PENGGELAPAN pajak masih menjadi persoalan serius bagi semua otoritas pajak di dunia. Secara global, Zucman (2019) memperkirakan bahwa rata-rata kekayaan global sekitar 10% tidak tercatat dan tersimpan di negara-negara tax havens. Dalam lingkup Uni Eropa, penggelapan pajak diperkirakan telah memakan biaya sebesar €86 miliar per tahun.
Salah satu upaya untuk menekan penggelapan pajak yaitu dengan pertukaran informasi. Dari aspek perpajakan, kebijakan pertukaran informasi dinilai cukup efektif karena memungkinkan otoritas pajak suatu negara untuk mengetahui jumlah simpanan dan pendapatan dari warga negaranya yang menjadi subjek pajak.
Dalam satu dekade terakhir, perkembangan pertukaran informasi menjadi sangat signifikan. Terlebih, dengan adanya perkembangan teknologi yang mendorong efisiensi dan modernisasi administrasi pajak. Pengembangan teknologi pajak sangat dibutuhkan untuk melindungi data wajib pajak dalam kerangka kebijakan pertukaran informasi.
Berkenaan dengan hal ini, International Bureau of Fiscal Documentation (IBFD) menerbitkan buku yang berjudul Data Protection and Taxpayers’ Rights: Challenges Created by Automatic Exchange of Information. Buku yang dirilis pada tahun 2018 ini hadir untuk membahas berbagai hal penting serta risiko dari pertukaran informasi, terutama dalam keterkaitannya dengan perlindungan data dan informasi dari wajib pajak.

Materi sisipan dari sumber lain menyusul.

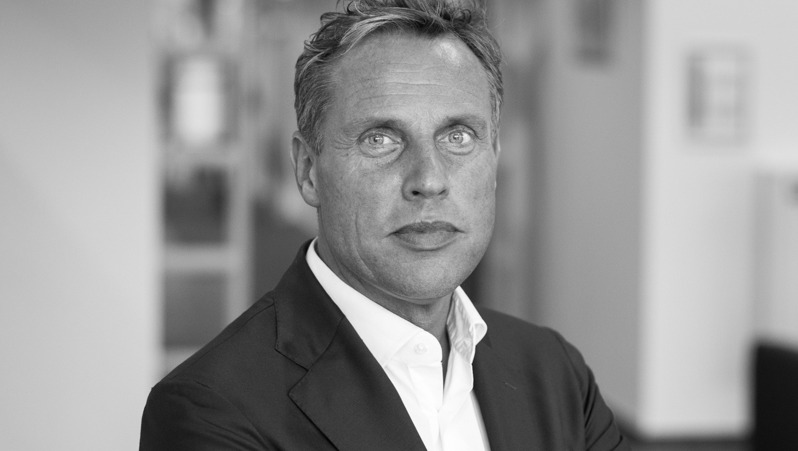 Martijn van Faassen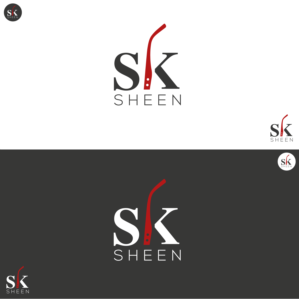 Logo Design by ihsanfaqid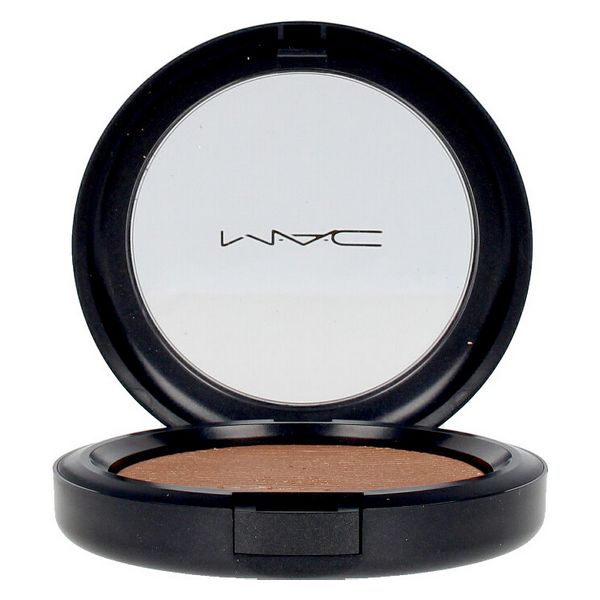 Poudres Compactes Extra Dimension Mac Oh Darling (9 g) (9 gr)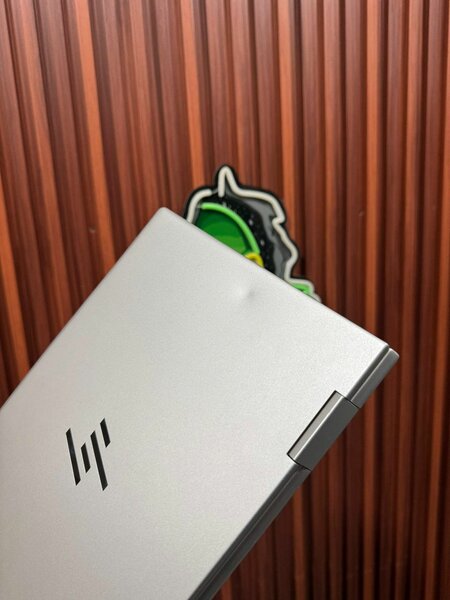 HP ELITEBOOK 840 G5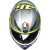 Casca moto AGV K1 ROSSI MUGELLO 2015 Casca moto AGV K1 ROSSI MUGELLO 2015 thumb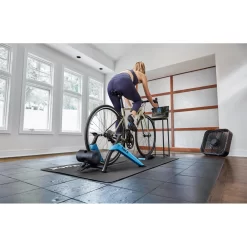 Tacx, Boost-Bundle Mit Geschwindigkeitssensor, Trainer 15 Tacx, Boost-Bundle Mit Geschwindigkeitssensor, Trainer -Fahrradzubehör Geschäft 84e244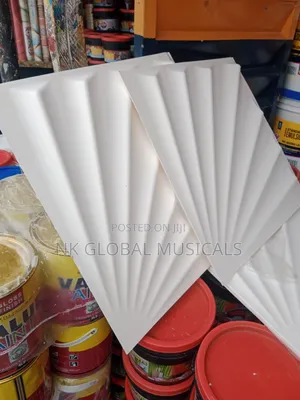 3d Wall Padding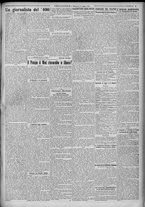 giornale/TO00185815/1921/n.110, 4 ed/003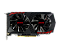 Placa de Vídeo PcYes GeForce GTX 1050 TI 4Gb Gddr5 128 Bits (PVGTX1050TI4GBR5128) - Imagem 2
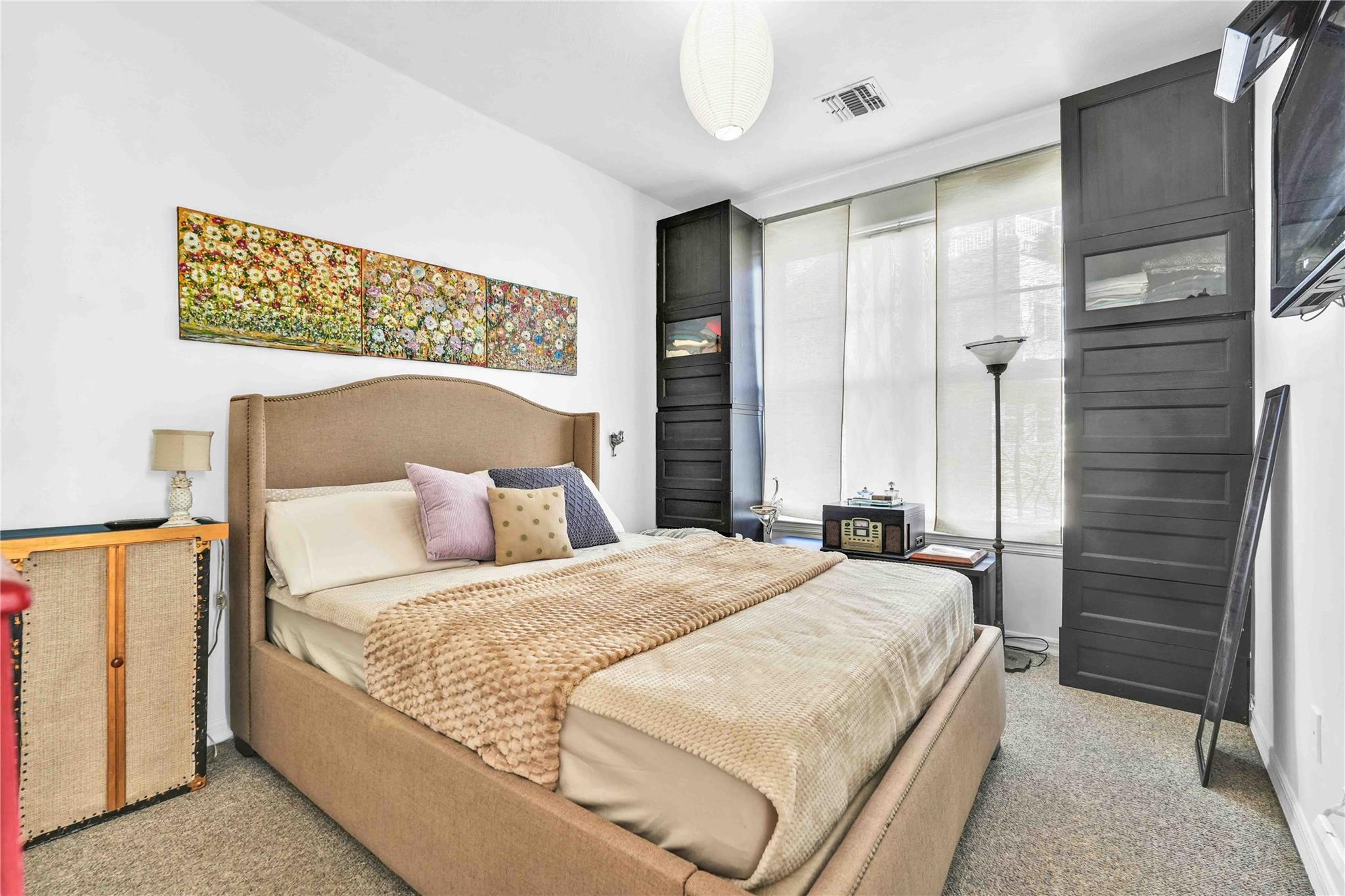 192 Beach 74th Street, Arverne, NY 11692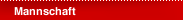 Mannschaft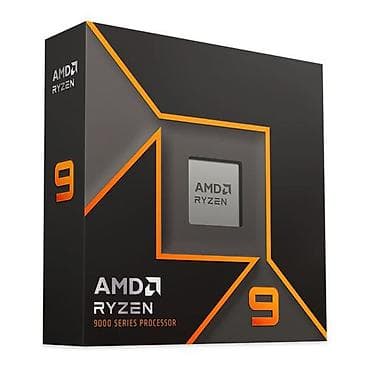 redmi note 13 pro 512: Игровые комплекты под заказ (процессор + мат. плата + ОЗУ), срок — 2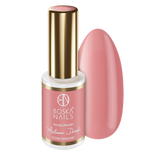Boska Nails Lakier Hybrydowy Autumn Drink Slow Dancing No 576 6ml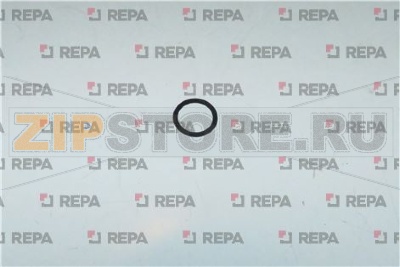 OR PER TUBO VAPORIZZATORE  D 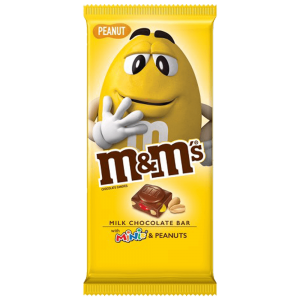 m&m_barra_chocolate_maní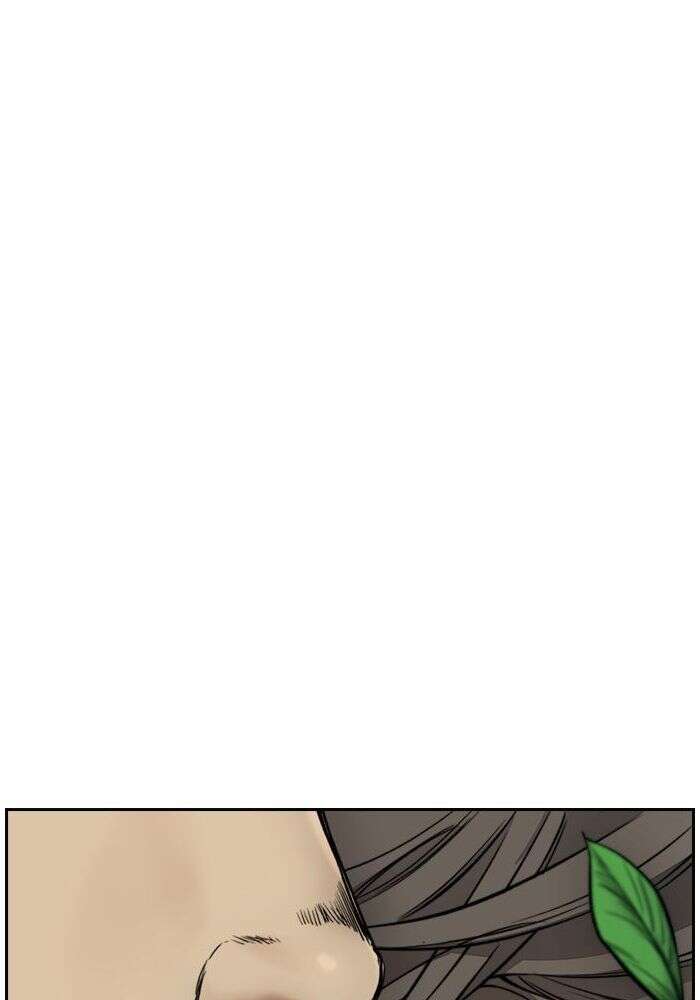 Wind Breaker Chapitre 410 - Page 92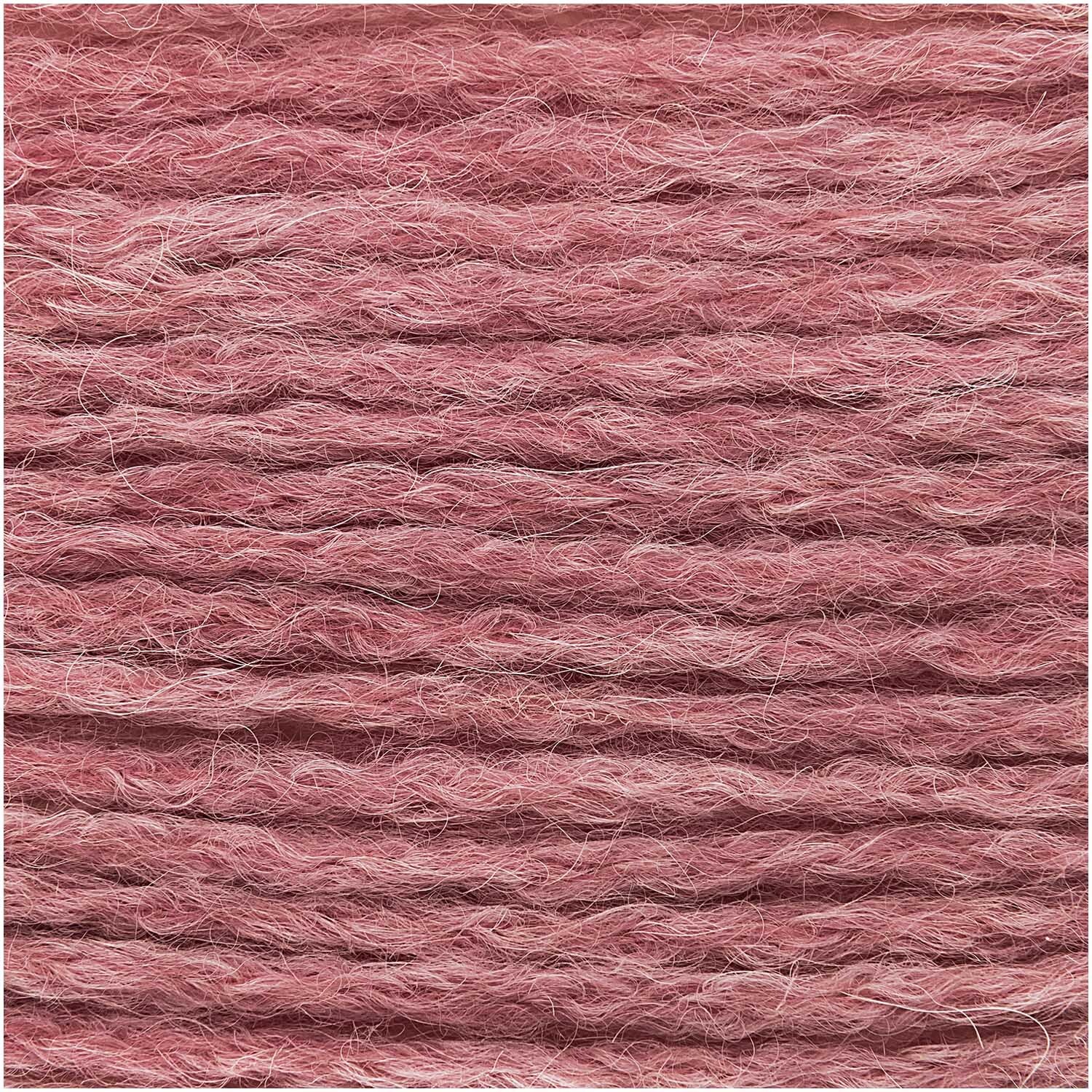 Altrosa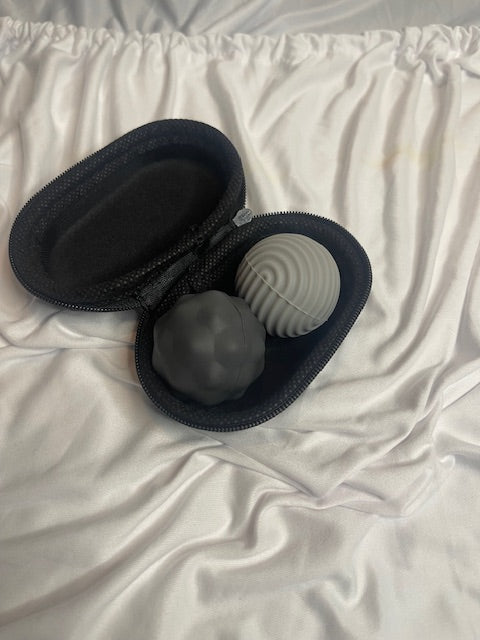 Magnetic Toys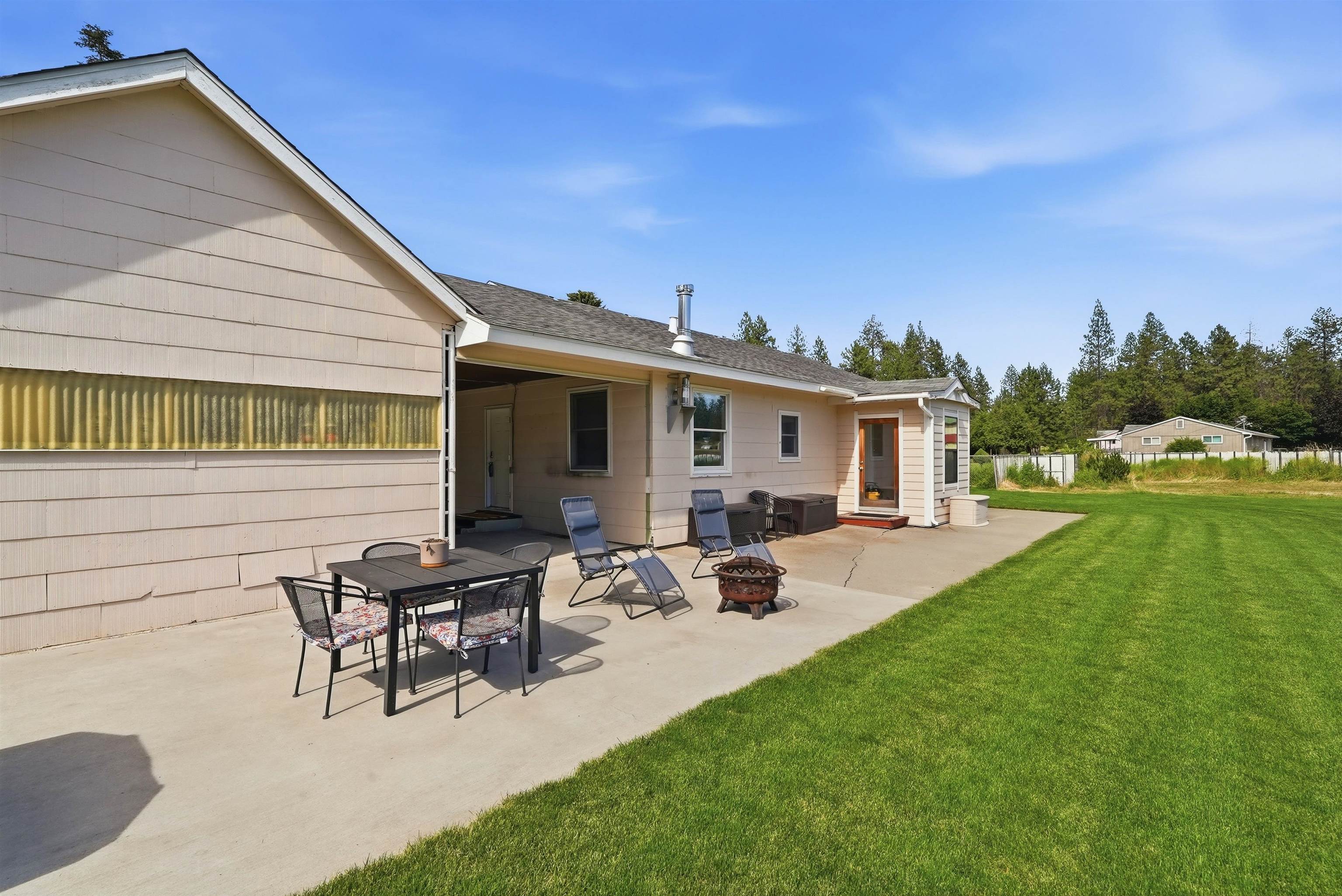4307 W 40th Ave - Photo 24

Risiko Pertukaran Informasi: ‘Momok’ Bagi Wajib Pajak
Pertukaran informasi, selain memberikan manfaat yang efektif untuk otoritas pajak di masing-masing negara, di sisi lain memiliki risiko tersendiri yang ditakutkan oleh para wajib pajak. Buku ini kemudian menjabarkan empat risiko utama yang mungkin saja dihadapi oleh para wajib pajak dalam era keterbukaan informasi.
Pertama, pengungkapan informasi dapat menciptakan ‘uneasy feeling’ atau kegelisahan tersendiri bagi wajib pajak. Cockfield (2016) menganggap informasi atas wajib pajak sebagai salah satu bentuk informasi pribadi yang paling sensitif.
Meskipun ada jaminan kerahasiaan, namun wajib pajak tetap memiliki kekhawatiran tersendiri. Dalam konteks pertukaran informasi secara otomatis misalnya, data yang bersifat massal atau yang dikenal sebagai bulk data memiliki risiko yang tinggi untuk terbongkar dan hilang. Selain itu, terdapat juga kemungkinan bahwa informasi tersebut dapat dicuri oleh hacker melalui sistem computer sehingga ditakutkan jatuh kepada tangan yang salah.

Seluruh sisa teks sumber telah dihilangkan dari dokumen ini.